E’ questa realtà brutale, che non offre facili scorciatoie all’appello etico-morale, che obbliga a misurarsi con tremi di problemi complicatissimi e spesso apparentemente privi di soluzioni se non rivoluzionando i sistemi sociali, politici, economici in cui viviamo borbottando e criticando ma che quando vanno in crash ci portano tutti, apocalittici ed integrati a pigolare accorati “ridateci il mondo di prima!”, il problema.

La società del rischio , in tempi brevi, non la possiamo evitare.
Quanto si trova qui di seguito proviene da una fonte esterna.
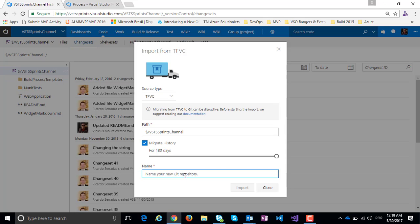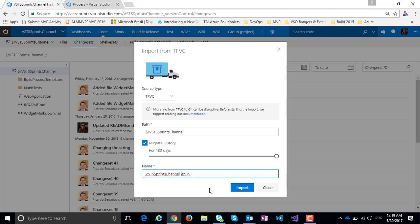This Git repository is called VSTS Sprints Channel EN US. Okay, just click on Import Repository.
La società dell’ignoranza che scambia la realtà per il nugolo di parole dei social, degli articoli, dei video che vano formando una spessa “Internet Theory” sul mondo, con i buoni ed i cattivi, il vero ed il falso, il semplice ed il complesso, manipolata dagli stessi che non hanno piacere ci sia una diffusa coscienza del fatto di vivere in una complessa società del rischio, quella si potrebbe invece migliorare. L’epoca esige responsabilità, ognuno calcoli quali sono quelle che si vuol prendere, anche qui su i social.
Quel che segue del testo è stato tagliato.